◆ **The task**:
Extract the lines of the material below, beginning with the first and ending with the line that holds "Camisa do Vasco". Skip every picture.

◆ **Raw data**:
::::::::

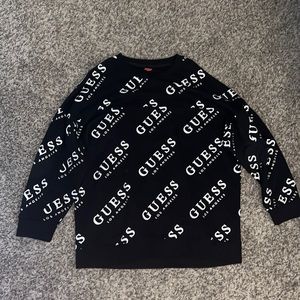 Women’s GUESS Crewneck!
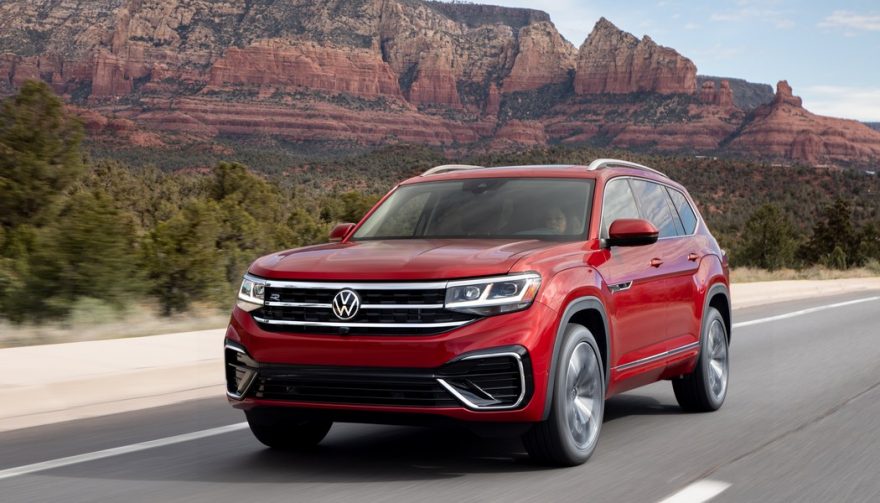 The 2020 Volkswagen Atlas is a big, comfortable family hauler that offers plenty of tech, good looks, and upscale amenities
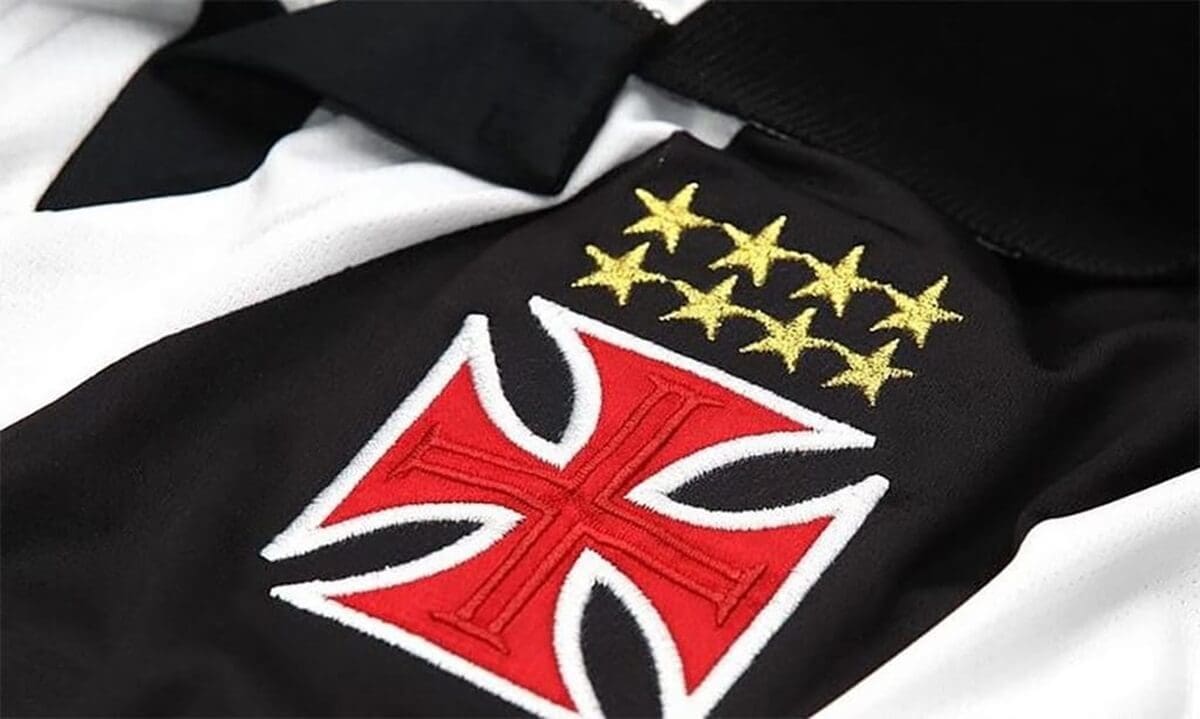 Camisa do Vasco com a chamada Cruz de Malta, que, na verdade, é a Cruz Pátea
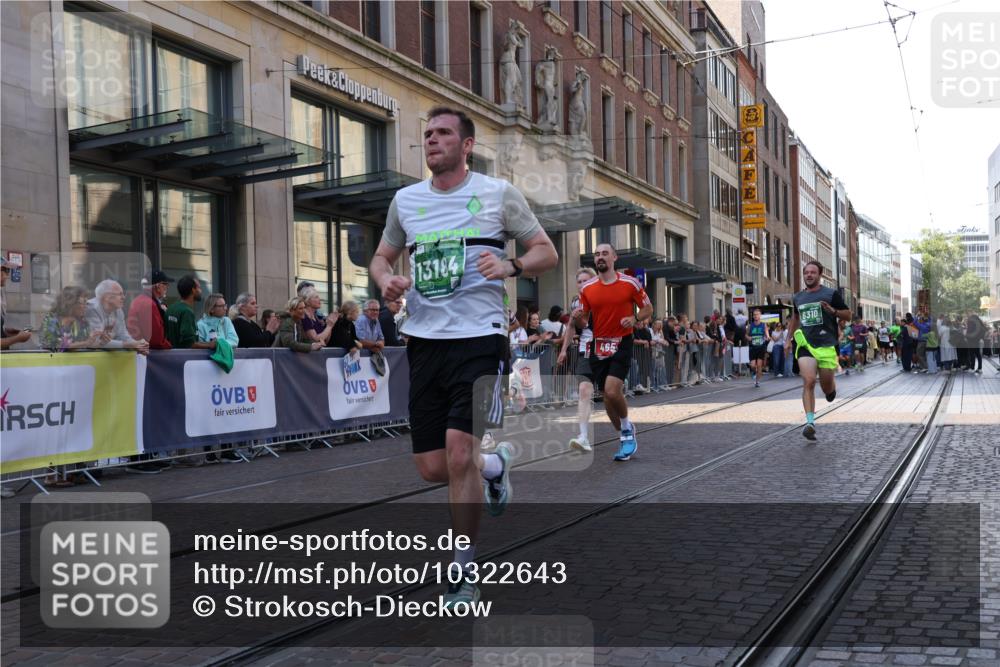 13.09.2026 - 21. swb-Marathon Bremen Strokosch-Dieckow http://msf.ph/oto/10322643 13.09.2026 13:18:45 Ziel 189, 307, 666, 1599, 2007, 2390, 4819, 4857, 4916, 5172, 5277, 6137, 6310, 6633, 7154, 7602, 7647, 7686, 7791, 9512, 13184, 465, 2055, 2324, 2948, 3631, 4120, 4413, 4642, 5307, 5867, 6293, 6294, 6787, 6818, 7104, 7163, 7245, 7731, 8404, 8540, 8743, 8872, 9019, 9275, 9327, 9833 meine-sportfotos.de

::::::::

◆ **Output below**:
 Women’s GUESS Crewneck!
 The 2020 Volkswagen Atlas is a big, comfortable family hauler that offers plenty of tech, good looks, and upscale amenities
 Camisa do Vasco com a chamada Cruz de Malta, que, na verdade, é a Cruz Pátea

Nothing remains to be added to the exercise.